Immigration and related policies and regulations ranging from pensions to housing
bylaws also require scrutiny with respect to their implications for the health and health care
access of older adults, as detailed in Koehn, Spencer and Hwang (Koehn et al., forthcoming).
Central is the recommendation, now adopted by the Special Senate Committee on Aging (2009),
that the dependency period for sponsored parents be reduced from ten years to three in line
with sponsored spouses. In critiquing the World Health Organization for paying insufficient
attention to the power relations that shape social determinants of health, Navarro (2009, p.
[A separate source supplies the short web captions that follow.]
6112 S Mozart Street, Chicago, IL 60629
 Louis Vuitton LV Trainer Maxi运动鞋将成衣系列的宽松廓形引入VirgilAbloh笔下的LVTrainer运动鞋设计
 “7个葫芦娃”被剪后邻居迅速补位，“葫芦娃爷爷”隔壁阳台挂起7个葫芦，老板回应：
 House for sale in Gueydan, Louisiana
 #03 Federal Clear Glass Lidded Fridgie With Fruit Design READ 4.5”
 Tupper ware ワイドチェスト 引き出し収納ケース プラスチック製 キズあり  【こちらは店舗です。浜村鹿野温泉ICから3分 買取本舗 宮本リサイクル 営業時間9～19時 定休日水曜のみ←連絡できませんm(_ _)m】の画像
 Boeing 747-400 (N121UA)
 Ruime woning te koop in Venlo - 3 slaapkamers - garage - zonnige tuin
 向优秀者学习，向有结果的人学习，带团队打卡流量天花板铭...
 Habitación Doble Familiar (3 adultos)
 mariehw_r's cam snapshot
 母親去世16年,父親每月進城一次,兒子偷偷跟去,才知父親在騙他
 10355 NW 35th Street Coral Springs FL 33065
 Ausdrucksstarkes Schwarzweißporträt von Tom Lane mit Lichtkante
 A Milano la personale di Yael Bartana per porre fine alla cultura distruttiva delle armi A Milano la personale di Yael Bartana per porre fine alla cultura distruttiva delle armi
440) states that “It is not inequalities that kill people, . . . it is those who are responsible for these
inequalities that kill people.”
Over the past two decades, research on ethnicity and aging has continued to reflect the
increasing ethnic diversification of the older adult population globally. As social researchers
increasingly facilitate the translation and exchange of this knowledge with various key
stakeholders including policymakers, health care practitioners, front-line workers, family
members, and the older adults themselves are likely to see continued growth and the uptake of
important work in this area. Through the inclusion and exploration of the experiences of a
broader group of older ethnic adults, individuals in their informal and formal support networks,
and those who have the power to empower these individuals through the establishment of
culturally appropriate policies and programs in their home countries, we are setting a strong
foundation for future research on aging populations across the world.